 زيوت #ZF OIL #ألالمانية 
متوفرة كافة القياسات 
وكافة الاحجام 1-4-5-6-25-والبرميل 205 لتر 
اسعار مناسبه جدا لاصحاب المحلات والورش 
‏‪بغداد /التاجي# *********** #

==

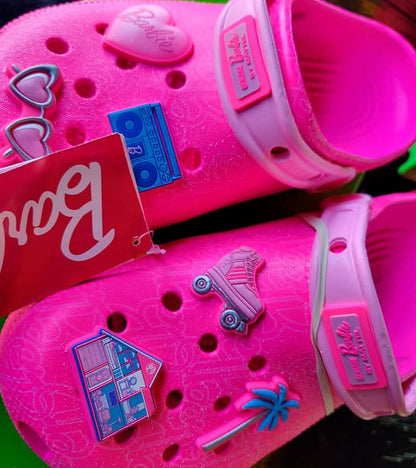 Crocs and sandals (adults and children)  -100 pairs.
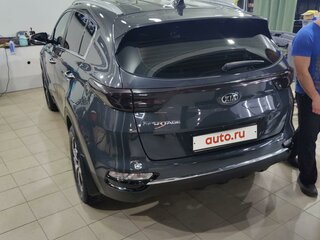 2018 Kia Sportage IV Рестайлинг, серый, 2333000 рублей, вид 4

◆ **About this exercise**:
Write out exactly the lines above between the one with "Crocs and sandals" and the one with "2018 Kia Sportage", inclusive, with pictures left out.

◆ **Task answer**:
 Crocs and sandals (adults and children)  -100 pairs.
 2018 Kia Sportage IV Рестайлинг, серый, 2333000 рублей, вид 4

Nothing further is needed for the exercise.